- [Source data]
== == ==

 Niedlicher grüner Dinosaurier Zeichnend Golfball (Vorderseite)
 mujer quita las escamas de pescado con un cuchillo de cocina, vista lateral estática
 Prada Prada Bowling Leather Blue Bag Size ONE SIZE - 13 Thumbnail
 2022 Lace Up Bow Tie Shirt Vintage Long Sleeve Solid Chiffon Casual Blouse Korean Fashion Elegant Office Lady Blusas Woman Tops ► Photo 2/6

== == ==

- [Instructions for the task]
Transcribe the full listing exactly, keeping every word as it is.

- [Exercise response]
 Niedlicher grüner Dinosaurier Zeichnend Golfball (Vorderseite)
 mujer quita las escamas de pescado con un cuchillo de cocina, vista lateral estática
 Prada Prada Bowling Leather Blue Bag Size ONE SIZE - 13 Thumbnail
 2022 Lace Up Bow Tie Shirt Vintage Long Sleeve Solid Chiffon Casual Blouse Korean Fashion Elegant Office Lady Blusas Woman Tops ► Photo 2/6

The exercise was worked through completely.